Everything was set and we were ready to go to Northumberland for the Greater Yellowlegs, so what were we doing at Chew Valley south of Bristol?
A report late on Thursday of a juvenile Sharp Tailed Sandpiper at Blagdon Lakes made me change the plans at the last minute. There have been a few Sharp Tails in the last couple of decades, but I have not been able to get to any, and this was the first juvenile since 1974. Also, there is a suspicion that the Yellowlegs may over winter so we headed off to Bristol yesterday.
Bad news from Blagdon as we were approaching Bristol-no sign by 0800am, so we diverted to Herriot's Bridge at Chew as there were at least some good birds there. Five minutes before we got there the pager said the Sharp Tailed was at Herriot's Bridge!
Leapt out of the car to be told it was lost from view behind a reed bed, at a distance of a couple of hundred yards, so we set up and waited. We were virtually the first to arrive, but soon the lay byes filled up. Did not take long to locate the two Long Billed Dowitchers feeding at the water's edge, among large numbers of Lapwing and Teal. Two Bewick's Swans were nice.
A small flock of Dunlin appeared far to the right, almost hidden by reeds and I noticed a slightly larger, darker reddish bird, but could not get much on it. However those with better views were able to confirm it as the Sharp Tailed. Eventually it came out and sat in among the tree stumps with the Dunlin. Lighting was terrible but we were able to see all the diagnostic features. Unfortunately the birds were flighty and were soon off. The Sandpiper stood out in the flying Dunlin flock by virtue of it's larger size and darker plumage. A much smaller bird was also seen-a Little Stint.
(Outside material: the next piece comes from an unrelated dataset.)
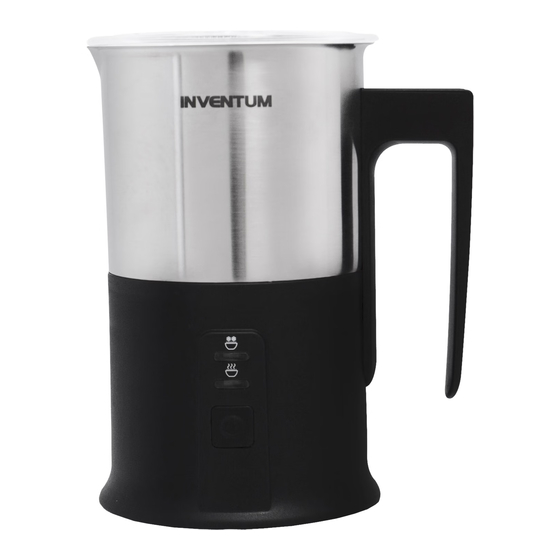 inventum MK350 Instruction Manual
The birds repeated this routine over the next couple of hours and eventually we got clear views in better light. The Dowitchers also appeared in the same area though I never got to see all three together.
In between watching the Sandpiper I went over to the south side where I managed to get fair views of the Spotted Sandpiper on the causeway and in flight.
Other decent birds included Peregrine, Goosander, Red Breasted Merganser, calling Water Rail and Cetti's Warblers.